System in Groningen for regulating water levels. Photo: Shutterstock

Researcher using electrodialysis in the lab for the selective separation of sodium and potassium. Photo: Michael Rhebergen


“In principle, we can make sure that water can be repeatedly recycled in any application using biological methods plus electrochemical and membrane technologies,” adds Appelman. “We can create new, closed-cycle water systems by using all the techniques in combination. With electricity generated from the heat from used water too, for instance.”

Appelman stresses that it is not always necessary to impose drinking-water quality as the norm. He gives the example of flushing the toilet. “It is fine to use brackish or salt water for that. There are many industrial applications too where you do not necessarily need to use fresh water, and it is expensive too. So you could choose the most appropriate solution in the water system depending on the application. With the general rule of salt if possible, fresh if necessary.”

This prepares the way for a circular water system in which wastewater from cities, farmland and industry is purified and then stored in local reservoirs for reuse. What is more, excess water from rivers and rainfall is captured rather than flowing into the sea. It then serves as a kind of sponge that can provide the surrounding area with water during dry periods.
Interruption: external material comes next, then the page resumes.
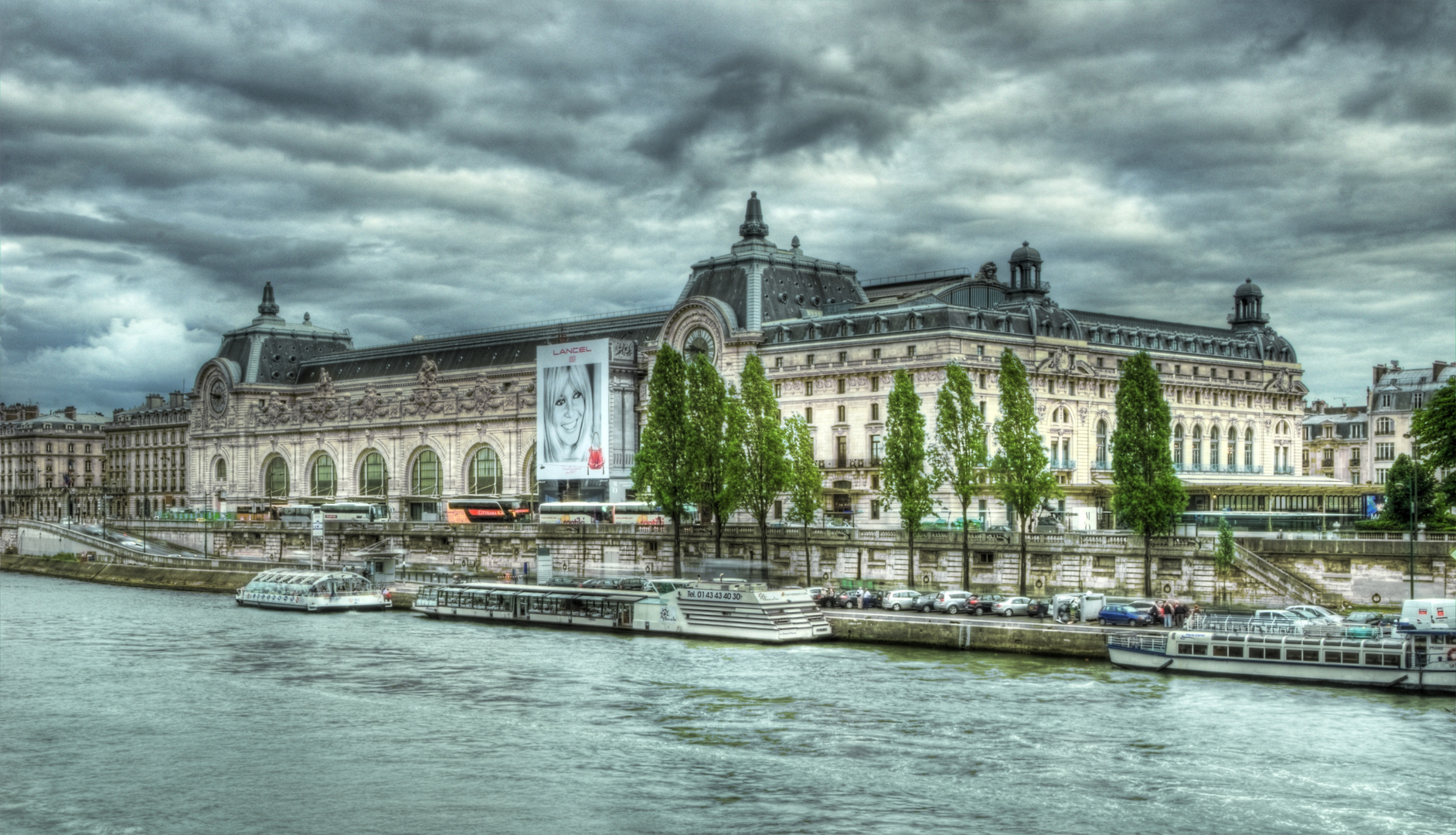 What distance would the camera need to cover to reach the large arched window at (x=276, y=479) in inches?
6235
And basins with brackish water can also become part of the circular water system thanks to the new saltwater technology that has been developed in Wageningen. Rijnaarts: “Water quality in the Netherlands is excellent and it can stay that way.”
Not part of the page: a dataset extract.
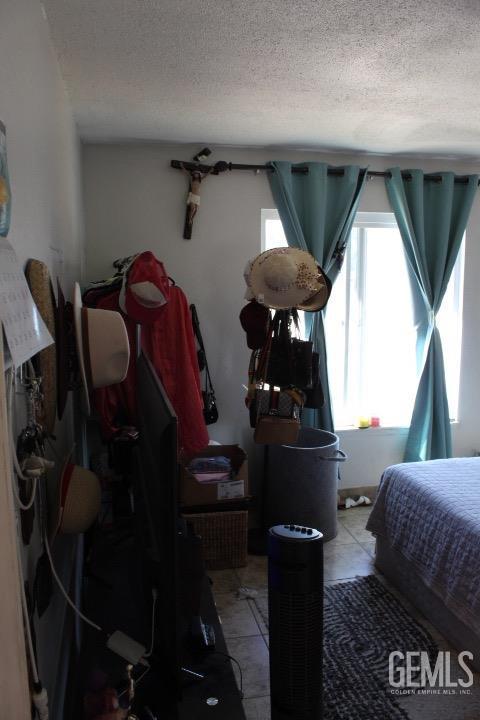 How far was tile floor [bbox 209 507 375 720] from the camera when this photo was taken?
2027mm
Rijnaarts is due to travel soon to delta regions in Southeast Asia where the problems are three to five times worse than in the Netherlands. “The cities there often have very limited water purification facilities while rice farmers are wrestling with growing salinization. If we can make water from the city suitable for reuse in rice farming, we can equip cities and villages with ways of coping better with climate change. We will be using the same technology for that as here.”